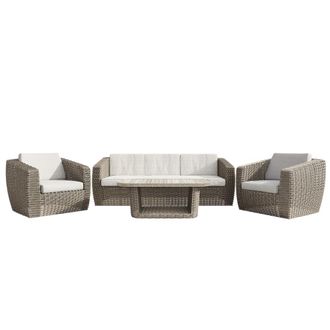 Kactus Republic Conjunto de jard&iacute;n 4 piezas de rat&aacute;n sint&eacute;tico acabado natural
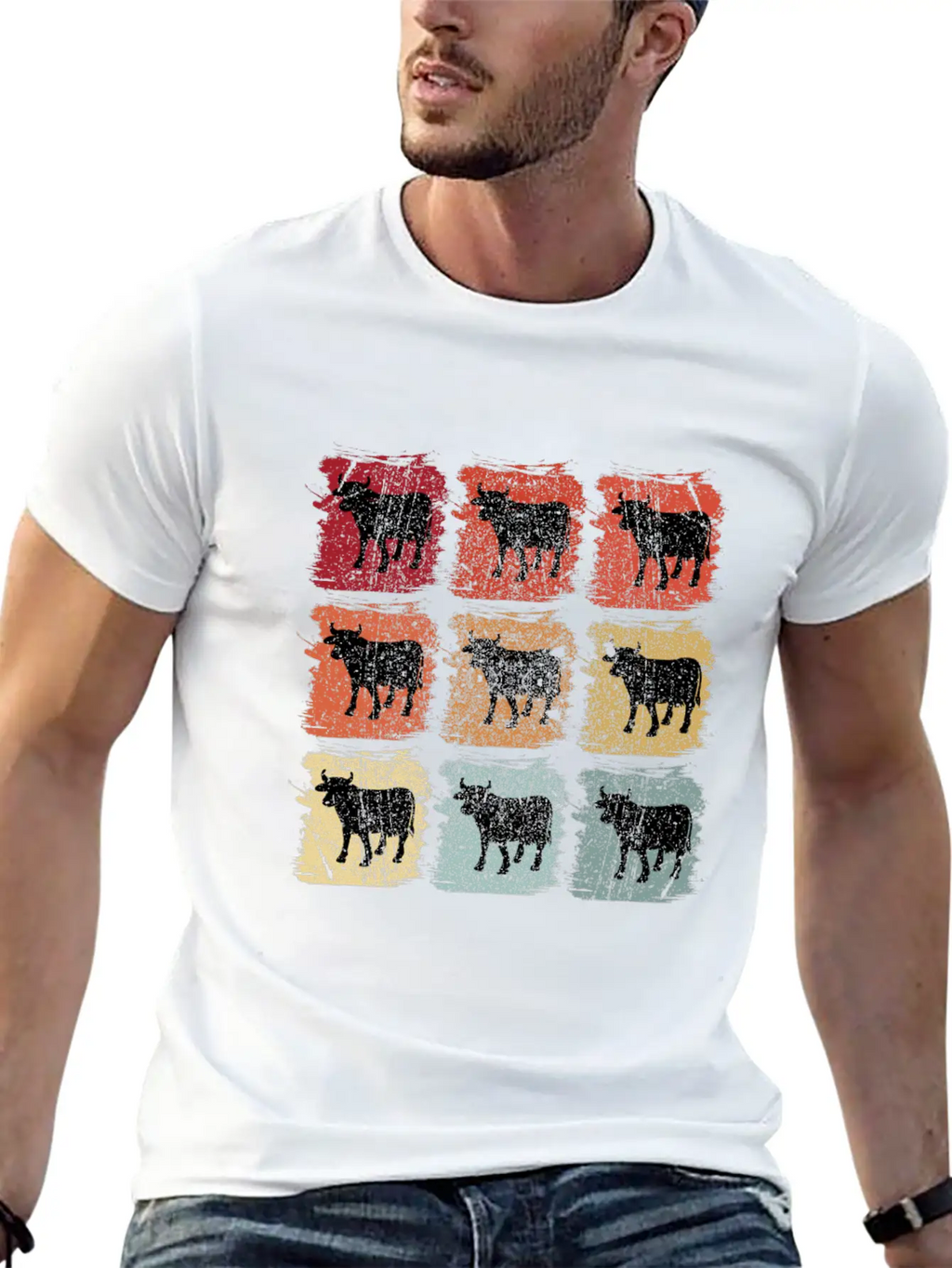 Retro Pop Art Cow Bull Unisex Casual T-Shirt – Clean Design For Daily Comfort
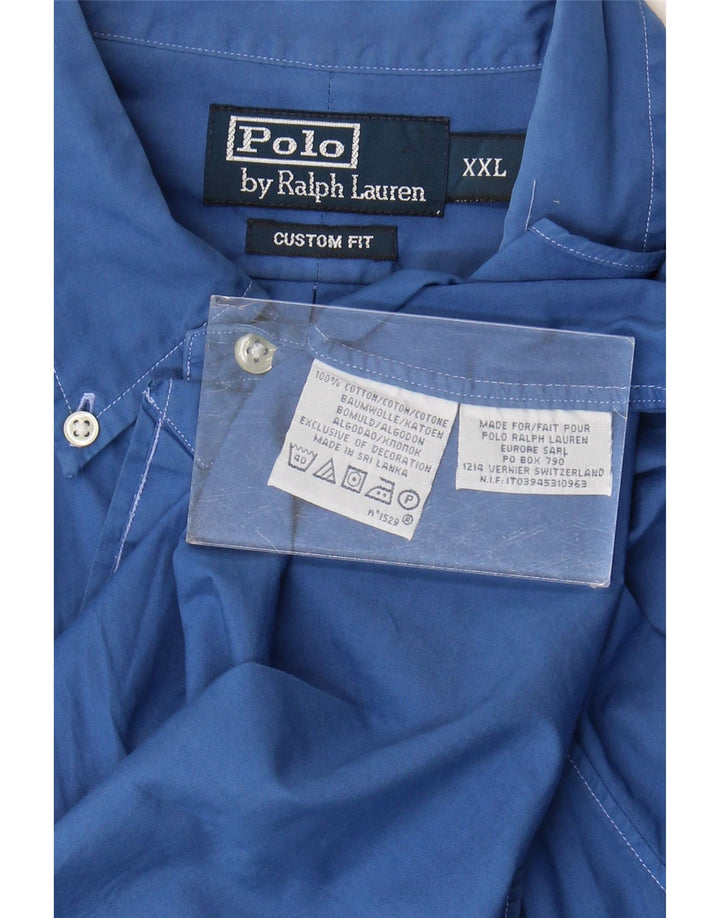 Cămașă personalizată Polo Ralph Lauren pentru bărbați, bumbac albastru 2XL
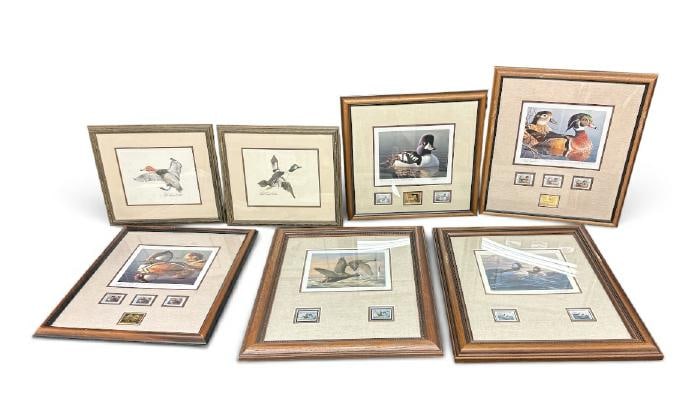 (7) Artist signed DUCK prints, including stamp design, all framed and in nice condition, includes (1 of 7)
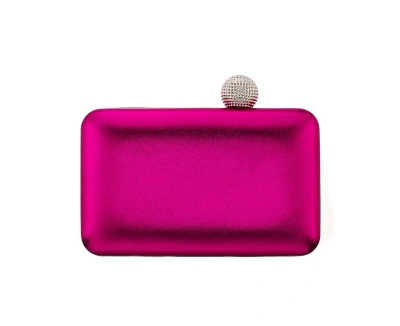 Nina Metallic Minaudiere Handbag With Crystal Clasp In Parfait Pink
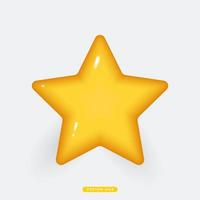 Star  3D Realistic Weather Icon Isolated Vector Illustration. Realistic 3D icon design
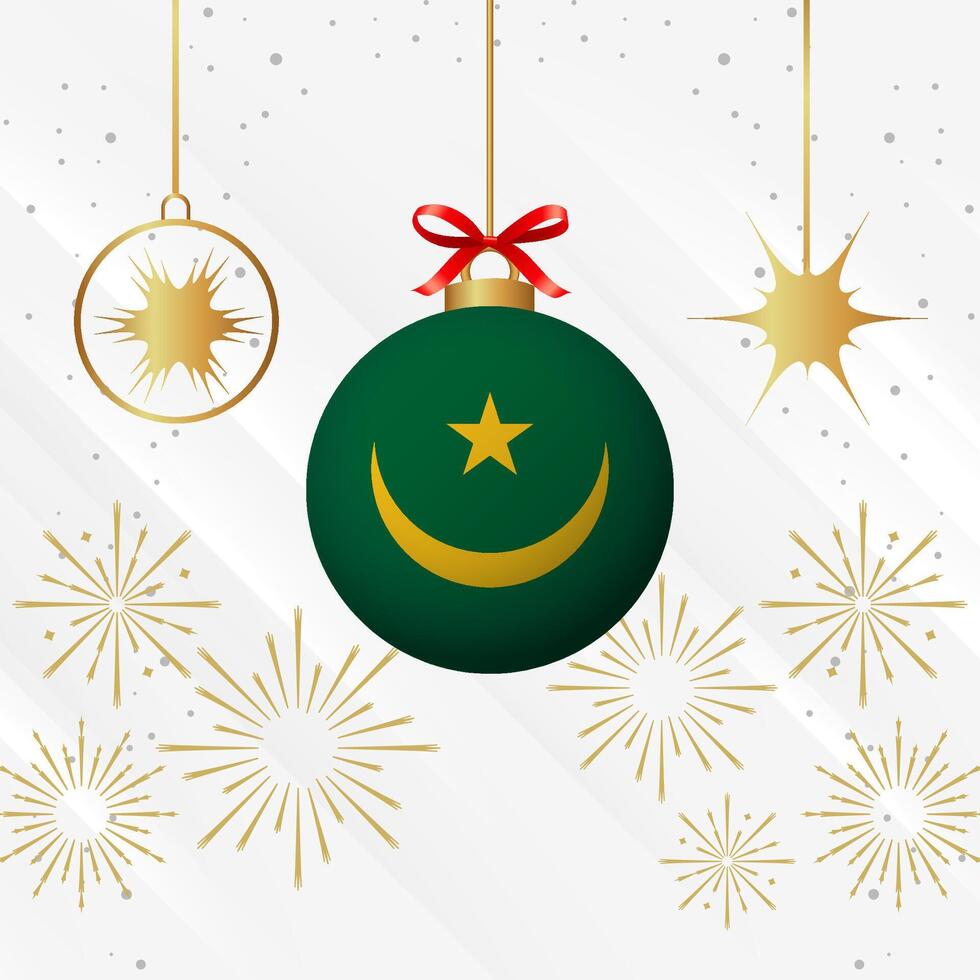 Navidad pelota adornos Mauritania bandera celebracion vector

Your objective:
Transcribe each entry exactly; images stay out.

Worked solution:
 Kactus Republic Conjunto de jard&iacute;n 4 piezas de rat&aacute;n sint&eacute;tico acabado natural
 Retro Pop Art Cow Bull Unisex Casual T-Shirt – Clean Design For Daily Comfort
 Cămașă personalizată Polo Ralph Lauren pentru bărbați, bumbac albastru 2XL
 (7) Artist signed DUCK prints, including stamp design, all framed and in nice condition, includes (1 of 7)
 Nina Metallic Minaudiere Handbag With Crystal Clasp In Parfait Pink
 Star  3D Realistic Weather Icon Isolated Vector Illustration. Realistic 3D icon design
 Navidad pelota adornos Mauritania bandera celebracion vector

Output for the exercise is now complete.